NEW YORK, NY.- The sudden loss of her father when she was 25 was a pivotal moment in Barbara Diener's life. She never had the opportunity to say goodbye or to tell him how much he meant to her. In the 10 years since his death, she has carried his memory with her, and his absence infuses her reality. The loss of her father, and her desire to reconnect with him, is the underlying theme in Diener's new monograph,
Phantom Power.
Diener was raised in a small town in Germany without any sense of formal religion or spirituality. While she describes herself as not having a religious bone in her body, she recognizes there is still a great deal we don't know about human consciousness and what happens to us once our bodies expire. In Phantom Power, she explores and interprets the possibilities through her photography using various techniques such as suggestive aberrations and double exposures which draw on an expansive history of photographers who have experimented with the medium's unique relationship with the concept of truth.
The idea for Phantom Power was hatched while Diener was working on a previous photo project titled Sehnsucht, which is a German compound word derived from yearning (das Sehnen) and addiction (die Sucht).

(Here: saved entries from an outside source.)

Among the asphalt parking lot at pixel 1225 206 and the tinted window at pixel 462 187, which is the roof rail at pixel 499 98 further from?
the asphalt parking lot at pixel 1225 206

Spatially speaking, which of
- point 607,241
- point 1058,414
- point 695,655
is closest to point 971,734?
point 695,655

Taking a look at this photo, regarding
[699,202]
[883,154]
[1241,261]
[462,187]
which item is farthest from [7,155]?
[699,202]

Roughly translated it means a longing for someone or something that cannot be fully defined and will not be found. Diener was photographing in small, rural towns in Illinois that she was drawn to as they reminded her of Mechernich, the German town where she grew up. The concept of home and family (or lack thereof) is another recurring theme in Diener's work.
During her travels she met a woman named Kathy who owned a local diner that she frequented. They bonded over their common connection to the nostalgia of place - Diener recalling Mechernich, her childhood home which is intertwined with memories of her father, and Kathy who is living on the ancestral land of her husband John's farm which she believes is haunted by his ancestors.

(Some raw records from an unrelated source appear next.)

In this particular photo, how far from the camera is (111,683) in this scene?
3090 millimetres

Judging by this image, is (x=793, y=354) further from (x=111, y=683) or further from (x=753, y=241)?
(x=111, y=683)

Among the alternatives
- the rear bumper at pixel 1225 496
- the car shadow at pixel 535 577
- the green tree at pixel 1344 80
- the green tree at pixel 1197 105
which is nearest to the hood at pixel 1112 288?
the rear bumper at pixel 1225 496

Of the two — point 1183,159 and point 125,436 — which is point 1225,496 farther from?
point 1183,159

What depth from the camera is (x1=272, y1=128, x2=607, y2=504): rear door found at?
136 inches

Kathy's fervent belief in the spectral sparked Diener's own interest in the unexplained and tied back to her ongoing curiosity about religion, spirituality and the human desire to believe that something else happens after we die and that a part of us - the spirit or soul - continues on. She began her project by photographing her new friend's ghost-hunting rituals which led to conducting her own search for visible clues of the supernatural.
Diener writes: "Since its invention, photography has lent a sense of immortality to its subjects. In recent years the paranormal has received amplified media attention through numerous 'reality' television programs that sensationalize any phenomena for the camera. On the contrary, my approach is self-reflective and curious. To make the resulting images I have adopted both traditional and contemporary methods of capturing the invisible, as well as employed my own interpretation of the magical and mystical."
Phantom Power includes insightful texts by Allison Grant, assistant professor of photography, Department of Art and Art History, University of Alabama, and former assistant curator of education and exhibitions, Museum of Contemporary Photography, Columbia College Chicago, and Gregory Harris, an assistant curator of photography at the High Museum of Art in Atlanta, Georgia. Lisa Janes, a Chicago based artist, curator, and educator, interviews Barbara Diener.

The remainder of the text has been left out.